"There was a boat. A boat was coming back and I tried to wake you up but you wouldn't move." Rose's face grows pale as she revisits the memory, her eyes far away. "Your hands were so cold and stiff. I thought you were dead. I didn't want to let you go, but I knew that if I didn't get the boat's attention I would have frozen too, and I promised you to go on."
Jack nods, and reaches to grab Rose's hand across the table. "I'm glad you found a way out, Rose. For a long while I wasn't ever sure if you had. I looked on all the lists and there was no Rose Dewitt-Bukater. I saw the name Rose Dawson, but the name Dawson is so common, I couldn't be sure. It was enough for me to hope, though."

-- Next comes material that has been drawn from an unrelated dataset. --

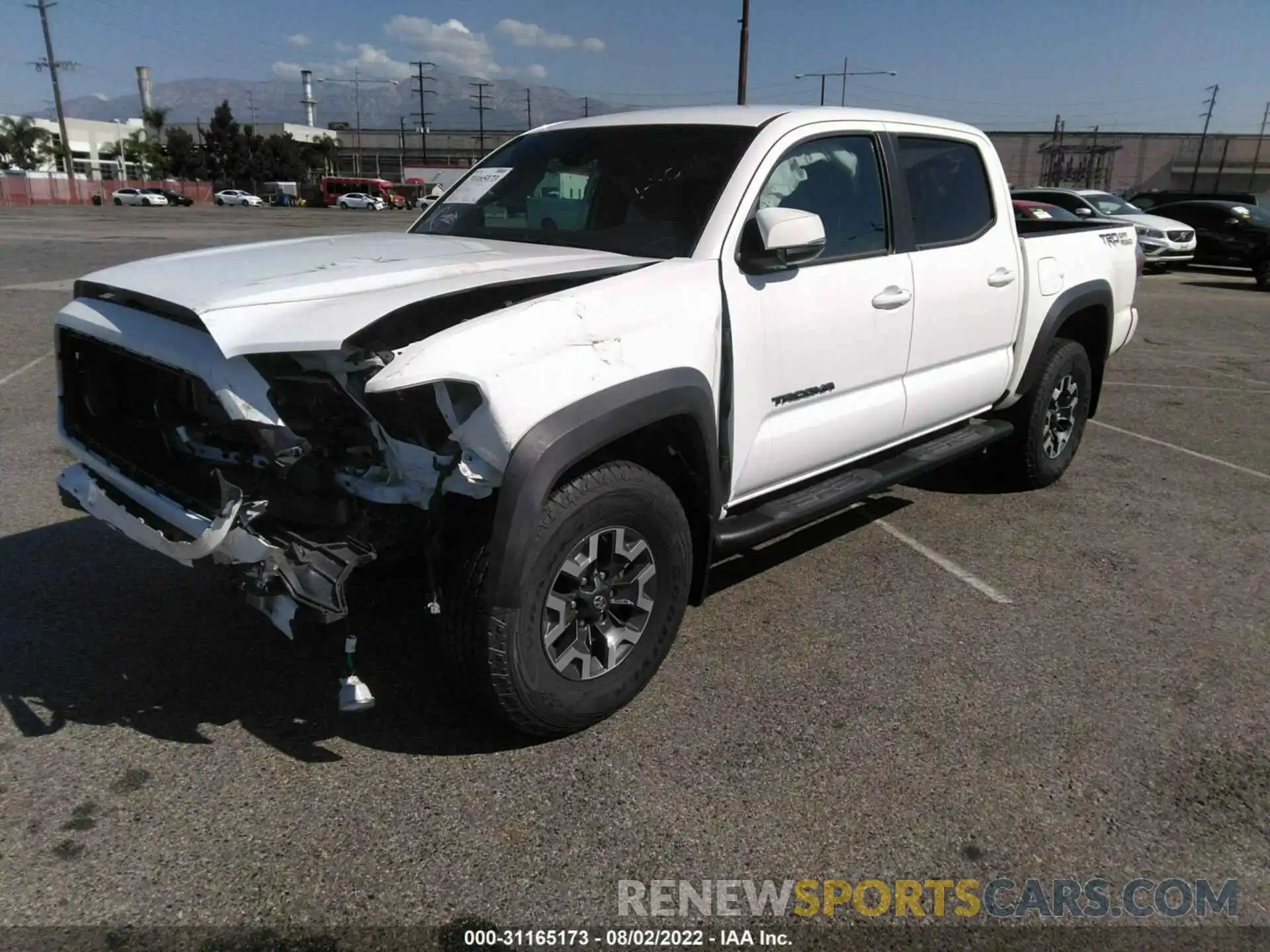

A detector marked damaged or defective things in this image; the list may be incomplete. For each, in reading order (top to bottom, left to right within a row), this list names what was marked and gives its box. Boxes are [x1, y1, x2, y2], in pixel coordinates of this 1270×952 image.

crumpled hood [77, 233, 656, 360]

"I didn't want to be a Dewitt-Bukater anymore. I wanted to be free of that life. I wanted to honor that promise I made you, and make my own life. On the Carpathia I hid from Cal and my mother, and when I got off I gave the officers your name. I missed you so much, and I was so scared, but I knew if I went back to mother and Cal I would be trapped forever."
Jack nods. "I think it was the cold of being fully under the water after you let me go that shocked me awake," he says, thinking back to the experience. "When I broke the surface you were gone but I could see one boat rowing away and the flashlight of another approaching. I had hoped you were on the other one. I splashed and made as much noise as I could until the other boat saw me, and I passed out after being picked up. Molly Brown was in the boat that got me, though." He smiles a bit as Rose's eyes grow wide. "She had this big fur coat that she took off and put on me, and I think its part of what kept me alive. I don't remember much of being on the Carpathia. I was in a medical wing, and I was pretty delirious. If I had been able to look for you, let alone sit up or talk or do anything but shiver and fight my hypothermia I would have found you in a heartbeat. Molly had been told by your mother that you had not survived. I'm glad she had the sense not to tell them that I had. It wasn't until I was mostly recovered and in New York that I noticed a Rose Dawson on the list."

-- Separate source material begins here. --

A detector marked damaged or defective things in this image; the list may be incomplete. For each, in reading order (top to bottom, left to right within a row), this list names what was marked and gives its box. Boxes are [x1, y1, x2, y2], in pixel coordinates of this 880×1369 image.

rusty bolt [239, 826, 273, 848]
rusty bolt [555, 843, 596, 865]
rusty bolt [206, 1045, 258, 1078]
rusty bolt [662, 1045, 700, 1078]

Rose frowns, looking down at the table. "I should have thought to check the infirmary! I had seen you go under though, so I thought there was no chance you could have survived. I saw Molly on deck once, but was afraid to speak to her in case she talked to my mother or Cal. I knew Cal was looking for me, and he was furious. Of course it wasn't until after the boat docked that I realized why. I was still wearing Cal's coat, and he had put the diamond, and $10,000 in cash in the pockets. I figure at that point he no longer wanted me, he just wanted the money. I never did find out what happened to Mother."
Jack's eyebrows rise. "Rose, that's enough money to live on for about twenty years!"

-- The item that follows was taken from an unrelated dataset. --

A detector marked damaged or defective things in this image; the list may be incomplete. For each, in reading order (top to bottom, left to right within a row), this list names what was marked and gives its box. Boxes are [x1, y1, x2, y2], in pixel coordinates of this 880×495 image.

"I know," she says, still looking down. "I never really let myself use it though. I didn't want to feel like I was living off of Cal's charity. I wanted to make my own life. I did use it a few times in emergencies," she admits, " I used it to find a place to sleep and buy some food those first few weeks, and then to get a train ticket out here, and to pay a doctor when I found out I was pregnant, but I always put back what I did use. It's been so long now though, that I feel like its more insurance than anything else. I won't touch it to buy just anything, but its there in case of emergency, and I will use some of it to send Josephine to University when the time comes, if that's what she wants to do. And the diamond, I knew I couldn't sell. It would be too traceable. It was also all I had left of you; the memory attached to it anyway, until I found out I had Josephine. I spent a lot of time those first few months looking at it and thinking of you."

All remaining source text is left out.